● **Task objective**
Repeat the material in full. Keep every line exactly as it is.

>>

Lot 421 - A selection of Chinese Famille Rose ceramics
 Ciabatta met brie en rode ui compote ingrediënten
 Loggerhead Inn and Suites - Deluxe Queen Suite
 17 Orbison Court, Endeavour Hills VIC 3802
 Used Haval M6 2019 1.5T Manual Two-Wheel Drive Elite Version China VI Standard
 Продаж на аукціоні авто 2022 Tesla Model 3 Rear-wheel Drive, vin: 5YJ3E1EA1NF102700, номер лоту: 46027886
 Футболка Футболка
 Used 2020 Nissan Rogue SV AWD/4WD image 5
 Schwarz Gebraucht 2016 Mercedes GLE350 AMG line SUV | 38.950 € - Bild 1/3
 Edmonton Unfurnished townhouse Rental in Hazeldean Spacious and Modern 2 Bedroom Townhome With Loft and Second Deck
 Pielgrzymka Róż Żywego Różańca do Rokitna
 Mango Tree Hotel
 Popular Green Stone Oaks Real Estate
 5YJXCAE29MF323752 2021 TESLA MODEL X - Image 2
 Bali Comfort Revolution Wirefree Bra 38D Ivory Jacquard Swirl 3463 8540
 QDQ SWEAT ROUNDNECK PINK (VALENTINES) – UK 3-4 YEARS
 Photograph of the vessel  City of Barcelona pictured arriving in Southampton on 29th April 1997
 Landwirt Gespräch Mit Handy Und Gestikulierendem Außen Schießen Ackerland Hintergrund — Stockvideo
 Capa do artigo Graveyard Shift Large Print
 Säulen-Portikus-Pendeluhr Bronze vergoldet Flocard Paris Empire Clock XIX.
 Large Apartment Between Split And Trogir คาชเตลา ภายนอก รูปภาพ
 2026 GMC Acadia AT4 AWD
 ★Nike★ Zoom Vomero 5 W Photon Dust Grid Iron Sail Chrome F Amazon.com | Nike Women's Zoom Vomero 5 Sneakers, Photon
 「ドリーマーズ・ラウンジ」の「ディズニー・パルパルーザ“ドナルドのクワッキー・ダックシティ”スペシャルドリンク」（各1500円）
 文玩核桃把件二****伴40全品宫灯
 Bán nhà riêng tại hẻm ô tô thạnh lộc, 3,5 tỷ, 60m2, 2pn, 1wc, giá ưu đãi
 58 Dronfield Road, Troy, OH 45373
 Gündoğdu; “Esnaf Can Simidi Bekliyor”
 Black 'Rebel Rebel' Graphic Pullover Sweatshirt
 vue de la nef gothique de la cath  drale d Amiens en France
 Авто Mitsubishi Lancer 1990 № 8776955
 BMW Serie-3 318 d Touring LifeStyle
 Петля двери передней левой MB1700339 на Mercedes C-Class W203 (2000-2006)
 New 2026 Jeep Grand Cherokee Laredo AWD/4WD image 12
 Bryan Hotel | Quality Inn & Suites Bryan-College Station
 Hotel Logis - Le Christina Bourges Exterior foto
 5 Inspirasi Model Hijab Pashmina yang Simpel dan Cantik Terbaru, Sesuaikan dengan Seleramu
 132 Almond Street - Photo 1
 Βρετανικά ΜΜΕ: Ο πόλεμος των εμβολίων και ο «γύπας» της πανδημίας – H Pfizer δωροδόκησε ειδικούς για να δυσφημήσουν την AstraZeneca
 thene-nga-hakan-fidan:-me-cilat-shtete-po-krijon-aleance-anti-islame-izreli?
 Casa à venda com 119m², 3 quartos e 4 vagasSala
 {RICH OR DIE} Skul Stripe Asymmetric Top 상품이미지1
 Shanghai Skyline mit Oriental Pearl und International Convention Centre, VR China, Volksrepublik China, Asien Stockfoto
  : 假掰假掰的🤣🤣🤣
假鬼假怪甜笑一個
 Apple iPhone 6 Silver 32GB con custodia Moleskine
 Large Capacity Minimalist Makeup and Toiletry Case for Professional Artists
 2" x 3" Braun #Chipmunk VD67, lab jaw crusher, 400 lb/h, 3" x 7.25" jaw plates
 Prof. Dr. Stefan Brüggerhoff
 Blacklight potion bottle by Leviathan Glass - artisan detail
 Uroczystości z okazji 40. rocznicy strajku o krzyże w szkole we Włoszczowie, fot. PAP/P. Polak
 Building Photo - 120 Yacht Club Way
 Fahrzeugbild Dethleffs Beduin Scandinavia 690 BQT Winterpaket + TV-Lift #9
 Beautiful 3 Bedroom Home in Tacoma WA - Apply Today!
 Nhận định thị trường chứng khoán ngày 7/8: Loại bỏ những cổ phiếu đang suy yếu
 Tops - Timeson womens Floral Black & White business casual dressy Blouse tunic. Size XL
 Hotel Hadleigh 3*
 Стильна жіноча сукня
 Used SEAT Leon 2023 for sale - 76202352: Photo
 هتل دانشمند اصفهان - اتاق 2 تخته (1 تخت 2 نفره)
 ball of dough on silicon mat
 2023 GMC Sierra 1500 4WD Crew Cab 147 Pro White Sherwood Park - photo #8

<<

● **Your solution**
Lot 421 - A selection of Chinese Famille Rose ceramics
 Ciabatta met brie en rode ui compote ingrediënten
 Loggerhead Inn and Suites - Deluxe Queen Suite
 17 Orbison Court, Endeavour Hills VIC 3802
 Used Haval M6 2019 1.5T Manual Two-Wheel Drive Elite Version China VI Standard
 Продаж на аукціоні авто 2022 Tesla Model 3 Rear-wheel Drive, vin: 5YJ3E1EA1NF102700, номер лоту: 46027886
 Футболка Футболка
 Used 2020 Nissan Rogue SV AWD/4WD image 5
 Schwarz Gebraucht 2016 Mercedes GLE350 AMG line SUV | 38.950 € - Bild 1/3
 Edmonton Unfurnished townhouse Rental in Hazeldean Spacious and Modern 2 Bedroom Townhome With Loft and Second Deck
 Pielgrzymka Róż Żywego Różańca do Rokitna
 Mango Tree Hotel
 Popular Green Stone Oaks Real Estate
 5YJXCAE29MF323752 2021 TESLA MODEL X - Image 2
 Bali Comfort Revolution Wirefree Bra 38D Ivory Jacquard Swirl 3463 8540
 QDQ SWEAT ROUNDNECK PINK (VALENTINES) – UK 3-4 YEARS
 Photograph of the vessel  City of Barcelona pictured arriving in Southampton on 29th April 1997
 Landwirt Gespräch Mit Handy Und Gestikulierendem Außen Schießen Ackerland Hintergrund — Stockvideo
 Capa do artigo Graveyard Shift Large Print
 Säulen-Portikus-Pendeluhr Bronze vergoldet Flocard Paris Empire Clock XIX.
 Large Apartment Between Split And Trogir คาชเตลา ภายนอก รูปภาพ
 2026 GMC Acadia AT4 AWD
 ★Nike★ Zoom Vomero 5 W Photon Dust Grid Iron Sail Chrome F Amazon.com | Nike Women's Zoom Vomero 5 Sneakers, Photon
 「ドリーマーズ・ラウンジ」の「ディズニー・パルパルーザ“ドナルドのクワッキー・ダックシティ”スペシャルドリンク」（各1500円）
 文玩核桃把件二****伴40全品宫灯
 Bán nhà riêng tại hẻm ô tô thạnh lộc, 3,5 tỷ, 60m2, 2pn, 1wc, giá ưu đãi
 58 Dronfield Road, Troy, OH 45373
 Gündoğdu; “Esnaf Can Simidi Bekliyor”
 Black 'Rebel Rebel' Graphic Pullover Sweatshirt
 vue de la nef gothique de la cath  drale d Amiens en France
 Авто Mitsubishi Lancer 1990 № 8776955
 BMW Serie-3 318 d Touring LifeStyle
 Петля двери передней левой MB1700339 на Mercedes C-Class W203 (2000-2006)
 New 2026 Jeep Grand Cherokee Laredo AWD/4WD image 12
 Bryan Hotel | Quality Inn & Suites Bryan-College Station
 Hotel Logis - Le Christina Bourges Exterior foto
 5 Inspirasi Model Hijab Pashmina yang Simpel dan Cantik Terbaru, Sesuaikan dengan Seleramu
 132 Almond Street - Photo 1
 Βρετανικά ΜΜΕ: Ο πόλεμος των εμβολίων και ο «γύπας» της πανδημίας – H Pfizer δωροδόκησε ειδικούς για να δυσφημήσουν την AstraZeneca
 thene-nga-hakan-fidan:-me-cilat-shtete-po-krijon-aleance-anti-islame-izreli?
 Casa à venda com 119m², 3 quartos e 4 vagasSala
 {RICH OR DIE} Skul Stripe Asymmetric Top 상품이미지1
 Shanghai Skyline mit Oriental Pearl und International Convention Centre, VR China, Volksrepublik China, Asien Stockfoto
  : 假掰假掰的🤣🤣🤣
假鬼假怪甜笑一個
 Apple iPhone 6 Silver 32GB con custodia Moleskine
 Large Capacity Minimalist Makeup and Toiletry Case for Professional Artists
 2" x 3" Braun #Chipmunk VD67, lab jaw crusher, 400 lb/h, 3" x 7.25" jaw plates
 Prof. Dr. Stefan Brüggerhoff
 Blacklight potion bottle by Leviathan Glass - artisan detail
 Uroczystości z okazji 40. rocznicy strajku o krzyże w szkole we Włoszczowie, fot. PAP/P. Polak
 Building Photo - 120 Yacht Club Way
 Fahrzeugbild Dethleffs Beduin Scandinavia 690 BQT Winterpaket + TV-Lift #9
 Beautiful 3 Bedroom Home in Tacoma WA - Apply Today!
 Nhận định thị trường chứng khoán ngày 7/8: Loại bỏ những cổ phiếu đang suy yếu
 Tops - Timeson womens Floral Black & White business casual dressy Blouse tunic. Size XL
 Hotel Hadleigh 3*
 Стильна жіноча сукня
 Used SEAT Leon 2023 for sale - 76202352: Photo
 هتل دانشمند اصفهان - اتاق 2 تخته (1 تخت 2 نفره)
 ball of dough on silicon mat
 2023 GMC Sierra 1500 4WD Crew Cab 147 Pro White Sherwood Park - photo #8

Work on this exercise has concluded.